Le lieutenant Bernaux baissa son arme, puis fit signe à sa collègue d’en faire autant. Margaux reposa lentement la photo qu’elle tenait à la main. Le lieutenant aperçut dessus le visage d’un jeune garçon souriant, les yeux levés par-dessus un roman.

— Il est mort l’année suivante, dans un accident de scooter. Sa mère le lui avait acheté pour qu’il n’ait plus à côtoyer ces garces dans le bus. Ironique, hein ? J’ai continué à lui rendre visite pendant des années, et elle a fini par vaincre son cancer. C’est elle qui m’a raconté, qui a fini par m’avouer ce que ce type lui avait fait.
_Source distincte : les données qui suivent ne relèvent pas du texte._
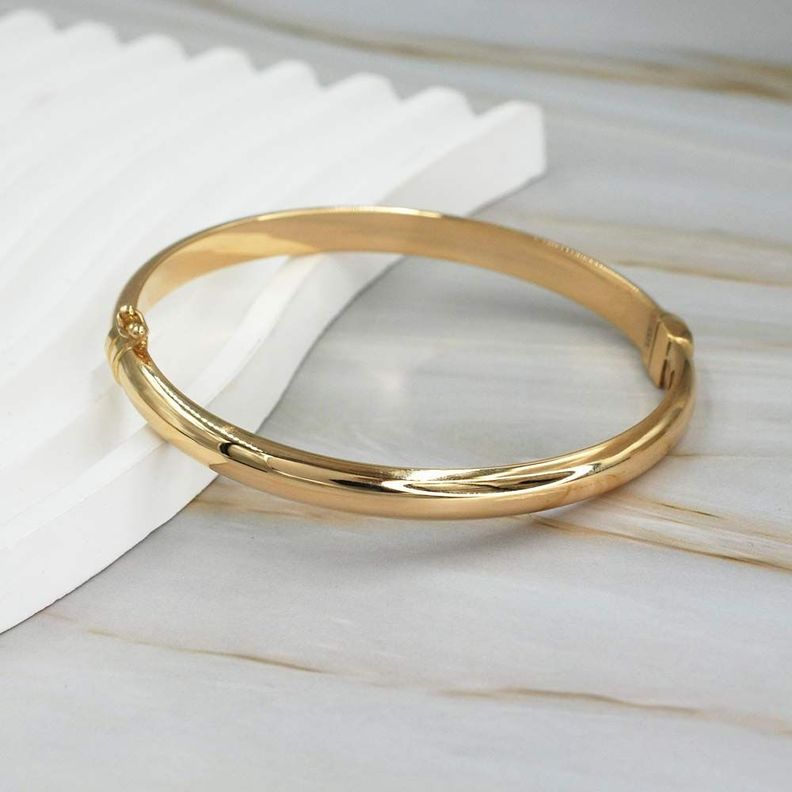 Pulsera Esclava Lisa Oro 18k -0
Elle m’a dit son deuil, mais aussi comment toute sa vie, elle lutterait pour tenir la promesse qu’elle avait faite à Grégory. Et elle l’a tenue. Elle va chaque année se faire écraser le sein entre deux plaques. Elle ne fume plus, elle ne boit plus, elle court chaque jour sur le chemin de graviers sur lequel son fils s’est tué.

La femme leur jeta un regard où se mêlaient du défi et de la fierté.

— J’ai longtemps rêvé de cette Élodie Maillard. Oh elle n’a pas fait que participer ce soir-là. Je suis allée la voir, quelques semaines après, pour l’affronter, ou lui faire peur j’en sais rien. Elle m’a raconté comment elle avait organisé cette soirée, envoyé Chiara chez lui comme un appât. Elle jubilait. Je la hais. Même maintenant qu’elle n’est plus qu’un déchet dans des sacs, comme les autres, je la hais.

La femme sourit. Ses yeux bleus brillaient, leur pupille aussi profonde qu’un puits. Bernaux s’approcha, les menottes à la main.

— Ce ne fut même pas difficile, lieutenant. Découper des poules, j’ai fait ça toute mon enfance.